Le 19 juin, Ernest Ferroul (maire socialiste de Narbonne), un des nouveaux leaders du mouvement, ainsi que trois membres du comité sont arrêtés. Les affrontements avec la police et la troupe se multiplient. Entre le 19 et le 20 juin on compte six tués dans la ville de Narbonne. Des incidents ont aussi lieu à Montpellier et Perpignan. C’est alors que le 17 ème régiment d’infanterie, solidaire de la lutte viticole, basé à Béziers, est déplacé vers Agde par son état-major. Mais apprenant la tuerie de Narbonne, le 20 juin,  589 mutins se révoltent et « refusent de rejoindre le cantonnement  » et, crosse en l’air rejoignent Béziers pour camper sur les allées Paul Riquet où ils sont accueillis « chaleureusement » par la population qu’ils sont censés protéger.
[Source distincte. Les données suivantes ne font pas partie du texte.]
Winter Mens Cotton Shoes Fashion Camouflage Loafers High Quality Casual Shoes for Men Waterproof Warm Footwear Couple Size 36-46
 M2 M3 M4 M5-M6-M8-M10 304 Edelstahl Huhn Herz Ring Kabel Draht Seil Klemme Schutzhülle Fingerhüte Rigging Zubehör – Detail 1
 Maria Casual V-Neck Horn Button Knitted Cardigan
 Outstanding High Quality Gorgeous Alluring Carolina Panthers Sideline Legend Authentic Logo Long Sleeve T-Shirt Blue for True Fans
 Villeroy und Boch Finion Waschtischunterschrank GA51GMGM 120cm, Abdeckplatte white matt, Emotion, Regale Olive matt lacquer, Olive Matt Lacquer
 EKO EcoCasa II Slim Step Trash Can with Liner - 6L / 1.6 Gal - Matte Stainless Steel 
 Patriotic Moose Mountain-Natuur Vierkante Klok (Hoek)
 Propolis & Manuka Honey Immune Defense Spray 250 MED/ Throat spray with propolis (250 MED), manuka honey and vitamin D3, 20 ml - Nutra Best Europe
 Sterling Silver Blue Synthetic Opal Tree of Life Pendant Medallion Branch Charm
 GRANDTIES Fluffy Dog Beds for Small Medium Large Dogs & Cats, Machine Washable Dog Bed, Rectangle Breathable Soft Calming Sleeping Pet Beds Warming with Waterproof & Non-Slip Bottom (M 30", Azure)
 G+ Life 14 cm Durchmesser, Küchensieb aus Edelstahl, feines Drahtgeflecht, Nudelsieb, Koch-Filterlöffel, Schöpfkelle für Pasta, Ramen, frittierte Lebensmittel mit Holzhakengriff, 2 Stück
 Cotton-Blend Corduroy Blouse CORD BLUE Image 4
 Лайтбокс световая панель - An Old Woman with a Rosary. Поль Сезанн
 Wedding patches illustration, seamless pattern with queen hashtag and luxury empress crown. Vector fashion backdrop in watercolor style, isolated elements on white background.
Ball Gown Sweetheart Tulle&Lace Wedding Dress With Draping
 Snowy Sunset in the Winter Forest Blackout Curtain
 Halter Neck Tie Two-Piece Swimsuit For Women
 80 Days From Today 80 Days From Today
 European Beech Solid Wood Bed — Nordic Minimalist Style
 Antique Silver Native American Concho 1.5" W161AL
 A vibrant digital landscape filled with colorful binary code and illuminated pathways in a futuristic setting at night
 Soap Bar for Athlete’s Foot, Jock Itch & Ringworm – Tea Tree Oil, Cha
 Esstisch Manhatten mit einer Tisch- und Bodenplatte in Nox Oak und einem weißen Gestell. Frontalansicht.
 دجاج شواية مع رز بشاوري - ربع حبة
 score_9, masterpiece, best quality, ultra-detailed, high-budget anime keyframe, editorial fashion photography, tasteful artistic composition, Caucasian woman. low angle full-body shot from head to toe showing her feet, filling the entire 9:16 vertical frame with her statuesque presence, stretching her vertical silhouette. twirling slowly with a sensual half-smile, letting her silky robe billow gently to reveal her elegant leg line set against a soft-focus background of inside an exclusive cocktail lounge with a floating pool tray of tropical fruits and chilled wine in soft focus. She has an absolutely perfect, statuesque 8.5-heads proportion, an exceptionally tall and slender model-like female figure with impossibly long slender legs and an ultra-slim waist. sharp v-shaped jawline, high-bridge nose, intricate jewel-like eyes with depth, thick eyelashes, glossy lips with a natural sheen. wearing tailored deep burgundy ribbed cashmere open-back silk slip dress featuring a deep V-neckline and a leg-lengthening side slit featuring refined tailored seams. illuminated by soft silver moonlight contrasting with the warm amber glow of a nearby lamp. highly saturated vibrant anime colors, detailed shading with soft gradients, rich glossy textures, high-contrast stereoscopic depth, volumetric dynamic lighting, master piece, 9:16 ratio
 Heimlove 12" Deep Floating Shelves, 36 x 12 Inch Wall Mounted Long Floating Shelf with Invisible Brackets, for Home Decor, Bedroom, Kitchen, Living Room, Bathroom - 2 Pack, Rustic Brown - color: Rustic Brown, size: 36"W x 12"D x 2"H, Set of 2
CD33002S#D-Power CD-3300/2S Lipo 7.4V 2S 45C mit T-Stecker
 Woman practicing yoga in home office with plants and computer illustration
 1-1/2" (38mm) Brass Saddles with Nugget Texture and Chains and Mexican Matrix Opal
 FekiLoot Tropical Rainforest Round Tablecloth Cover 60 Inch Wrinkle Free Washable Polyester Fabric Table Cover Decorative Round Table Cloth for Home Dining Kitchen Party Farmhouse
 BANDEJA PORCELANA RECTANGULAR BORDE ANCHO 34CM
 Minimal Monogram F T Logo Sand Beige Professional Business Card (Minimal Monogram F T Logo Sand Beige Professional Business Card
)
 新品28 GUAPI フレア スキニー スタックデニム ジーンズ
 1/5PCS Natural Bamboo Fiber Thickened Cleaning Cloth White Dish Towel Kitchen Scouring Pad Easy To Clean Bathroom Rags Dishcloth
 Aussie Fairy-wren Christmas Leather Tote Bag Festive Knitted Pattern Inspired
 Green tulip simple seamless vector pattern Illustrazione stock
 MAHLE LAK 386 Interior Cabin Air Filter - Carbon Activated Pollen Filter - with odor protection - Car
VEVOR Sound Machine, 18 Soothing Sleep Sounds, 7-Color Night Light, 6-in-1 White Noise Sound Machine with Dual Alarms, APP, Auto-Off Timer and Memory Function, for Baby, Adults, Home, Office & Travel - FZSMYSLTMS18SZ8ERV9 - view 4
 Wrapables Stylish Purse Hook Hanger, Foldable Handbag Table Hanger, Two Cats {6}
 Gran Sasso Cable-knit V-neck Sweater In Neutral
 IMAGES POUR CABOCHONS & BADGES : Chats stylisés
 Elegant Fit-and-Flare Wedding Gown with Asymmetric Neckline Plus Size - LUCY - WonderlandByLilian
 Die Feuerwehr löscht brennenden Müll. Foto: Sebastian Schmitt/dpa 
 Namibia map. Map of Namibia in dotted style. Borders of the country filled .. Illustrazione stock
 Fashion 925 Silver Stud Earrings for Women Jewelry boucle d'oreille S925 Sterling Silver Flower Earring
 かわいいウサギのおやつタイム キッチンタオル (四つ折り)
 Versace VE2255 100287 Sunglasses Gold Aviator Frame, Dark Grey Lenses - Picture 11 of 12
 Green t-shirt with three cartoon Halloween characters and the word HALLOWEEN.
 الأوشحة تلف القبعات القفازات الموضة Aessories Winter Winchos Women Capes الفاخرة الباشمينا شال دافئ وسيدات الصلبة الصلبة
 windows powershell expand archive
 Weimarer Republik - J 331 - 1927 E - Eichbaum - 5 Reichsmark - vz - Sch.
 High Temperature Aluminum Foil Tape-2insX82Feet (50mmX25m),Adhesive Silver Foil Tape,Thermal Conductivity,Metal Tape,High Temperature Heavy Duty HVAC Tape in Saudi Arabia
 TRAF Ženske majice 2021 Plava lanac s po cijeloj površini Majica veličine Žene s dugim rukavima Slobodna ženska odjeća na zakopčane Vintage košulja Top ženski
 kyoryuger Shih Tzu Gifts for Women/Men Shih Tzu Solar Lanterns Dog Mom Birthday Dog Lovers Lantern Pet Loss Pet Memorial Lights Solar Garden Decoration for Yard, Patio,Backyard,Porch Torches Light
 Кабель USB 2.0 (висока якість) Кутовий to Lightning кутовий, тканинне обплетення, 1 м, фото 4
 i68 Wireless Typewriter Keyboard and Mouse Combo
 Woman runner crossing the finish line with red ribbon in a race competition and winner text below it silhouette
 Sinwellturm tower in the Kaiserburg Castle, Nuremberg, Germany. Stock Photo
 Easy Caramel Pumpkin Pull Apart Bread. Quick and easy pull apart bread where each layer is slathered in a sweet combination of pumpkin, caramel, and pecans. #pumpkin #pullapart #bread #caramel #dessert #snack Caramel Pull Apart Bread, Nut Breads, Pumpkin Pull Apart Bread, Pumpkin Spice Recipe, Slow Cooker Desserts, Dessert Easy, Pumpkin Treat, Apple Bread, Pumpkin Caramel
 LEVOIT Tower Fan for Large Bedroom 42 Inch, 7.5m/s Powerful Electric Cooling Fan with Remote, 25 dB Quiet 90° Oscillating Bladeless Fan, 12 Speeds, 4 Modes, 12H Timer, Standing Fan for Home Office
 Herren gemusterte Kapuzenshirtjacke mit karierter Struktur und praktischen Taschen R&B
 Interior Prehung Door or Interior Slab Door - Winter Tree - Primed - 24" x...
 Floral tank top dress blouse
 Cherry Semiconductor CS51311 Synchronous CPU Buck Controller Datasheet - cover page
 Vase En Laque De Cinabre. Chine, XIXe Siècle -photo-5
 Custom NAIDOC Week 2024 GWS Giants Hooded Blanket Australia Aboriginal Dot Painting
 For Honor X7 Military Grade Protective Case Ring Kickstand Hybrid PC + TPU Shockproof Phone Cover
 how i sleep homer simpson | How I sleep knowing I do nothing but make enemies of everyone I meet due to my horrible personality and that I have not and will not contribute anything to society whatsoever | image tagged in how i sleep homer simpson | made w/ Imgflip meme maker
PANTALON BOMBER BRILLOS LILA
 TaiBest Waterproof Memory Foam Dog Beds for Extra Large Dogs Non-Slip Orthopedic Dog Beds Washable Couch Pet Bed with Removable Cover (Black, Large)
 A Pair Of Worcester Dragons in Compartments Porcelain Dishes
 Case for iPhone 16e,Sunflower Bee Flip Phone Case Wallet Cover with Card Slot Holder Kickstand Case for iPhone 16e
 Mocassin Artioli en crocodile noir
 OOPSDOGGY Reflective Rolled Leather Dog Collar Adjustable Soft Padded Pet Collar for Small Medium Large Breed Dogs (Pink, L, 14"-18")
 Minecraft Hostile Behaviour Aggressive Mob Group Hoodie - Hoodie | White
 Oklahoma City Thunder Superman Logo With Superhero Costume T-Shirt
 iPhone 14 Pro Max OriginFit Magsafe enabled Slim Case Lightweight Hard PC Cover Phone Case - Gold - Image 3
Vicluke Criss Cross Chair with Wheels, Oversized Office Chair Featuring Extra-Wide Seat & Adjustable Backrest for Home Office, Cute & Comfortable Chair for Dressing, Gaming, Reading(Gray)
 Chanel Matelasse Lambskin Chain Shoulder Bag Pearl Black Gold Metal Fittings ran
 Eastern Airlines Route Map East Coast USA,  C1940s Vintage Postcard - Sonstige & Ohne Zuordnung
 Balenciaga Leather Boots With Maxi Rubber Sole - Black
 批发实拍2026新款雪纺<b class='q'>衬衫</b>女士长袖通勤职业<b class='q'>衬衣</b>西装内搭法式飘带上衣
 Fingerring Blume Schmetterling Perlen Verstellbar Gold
Après des tractations ils se rendent à l’autorité militaire. Quant à Marcelin Albert il se rend à Paris pour rencontrer Clémenceau mais il se fait piéger en acceptant un billet de cent francs pour payer son billet de retour en train. Le Président du conseil le discrédite auprès de la population. Le piège a bien fonctionné !

Pour sortir de ce mouvement de révolte le gouvernement promulgue plusieurs lois : le 29 juin 1907, la loi « tendant à prévenir le mouillage des vins et les abus de sucrage « , le 15 juillet celle pour « empêcher la production de vins artificiels et de vins de piquettes » et « La loi du 5 août va définir les produits d’appellation d’origine et mettre en place une procédure administrative de délimitation des zones ».

La CGT pour sa part soutient le mouvement par un article de presse de son secrétaire général le 19 mai 1907 et se félicite du succès du mouvement le 30 juin 1907 dans un article de La Voix du Peuple. Mais elle s’oppose, à l’issue du mouvement, à la création de la confédération générale des vignerons (CGV) réunissant patrons et ouvriers dans la même structure. Les problèmes et les revendications des ouvriers agricoles restant entiers.

Sources : Colloque IHS de l’Aude des 12 et 13 mai 2007 sur « Les ouvriers agricoles et 1907, des liens complexes ».

Les Vendanges de la Colère, coordonné par Alain Raynal.